AIM OF THE TASK:
Write out the listing below in full and exactly, leaving out every picture.
[[ COLLECTED MATERIAL, beginning ]]
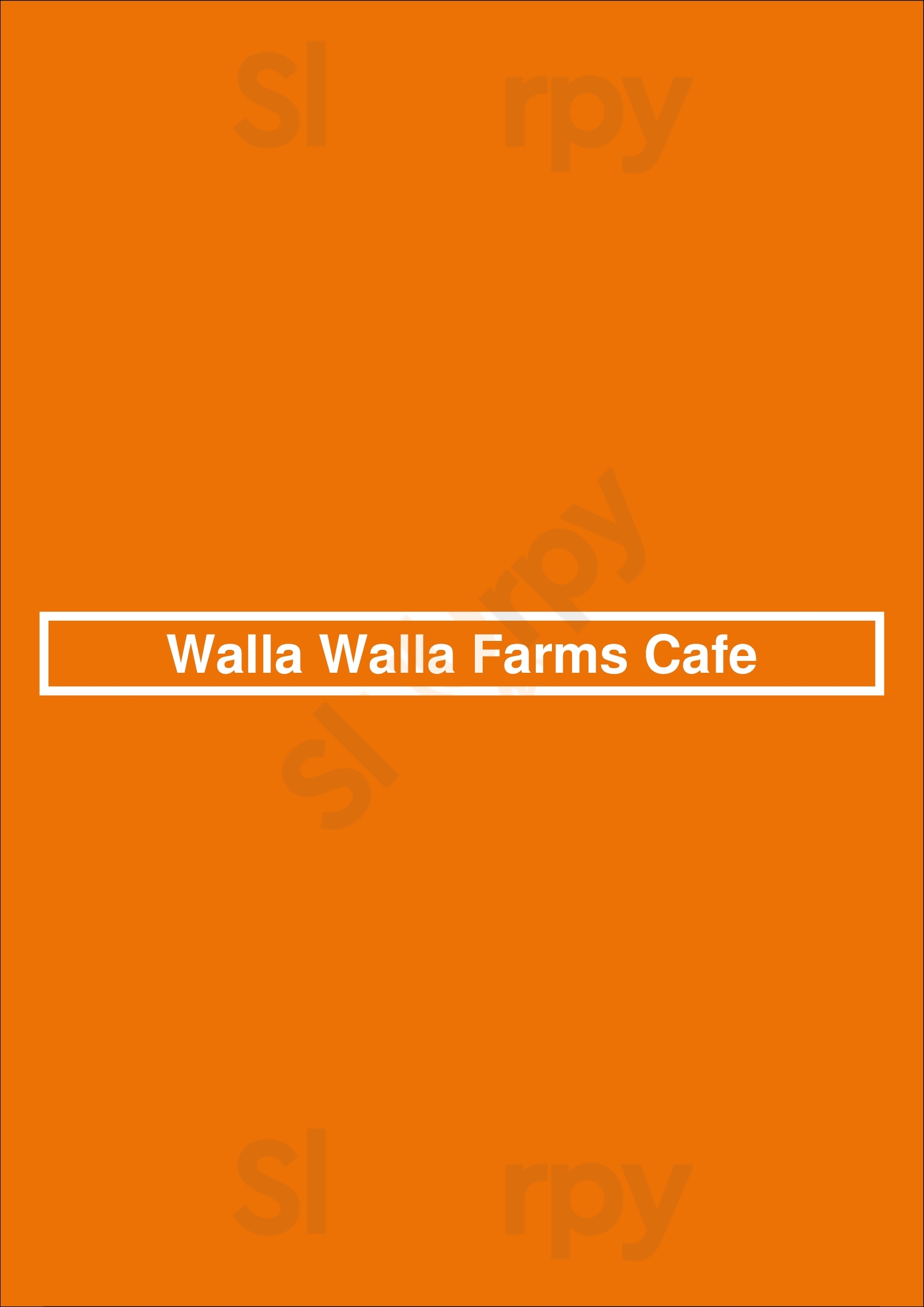 Walla Walla Farms Cafe And Catering Seattle Menu - 1
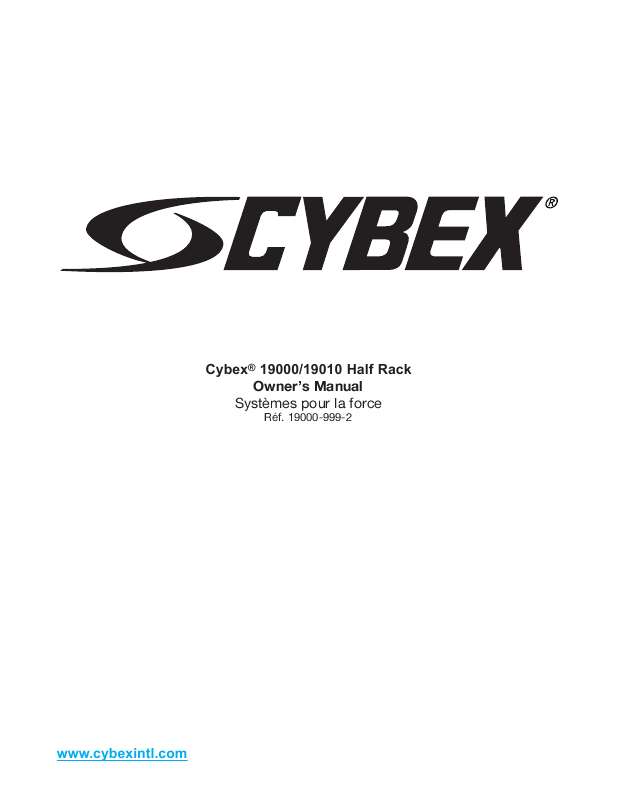 Guide utilisation  CYBEX INTERNATIONAL 19000_19010 HALFRACK  de la marque CYBEX INTERNATIONAL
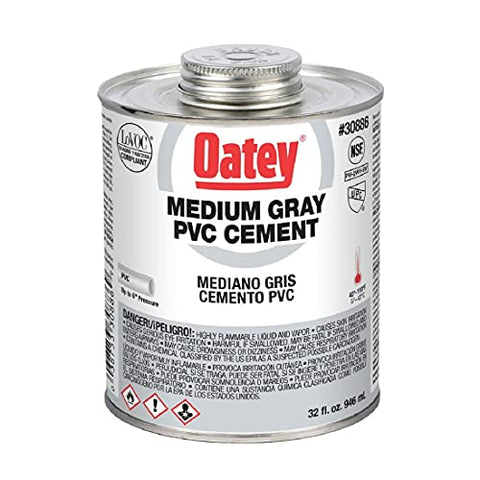 Oatey 30886 PVC Medium Cement, 32 oz, Gray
[[ COLLECTED MATERIAL, end ]]
RESULT:
 Walla Walla Farms Cafe And Catering Seattle Menu - 1
 Guide utilisation  CYBEX INTERNATIONAL 19000_19010 HALFRACK  de la marque CYBEX INTERNATIONAL
 Oatey 30886 PVC Medium Cement, 32 oz, Gray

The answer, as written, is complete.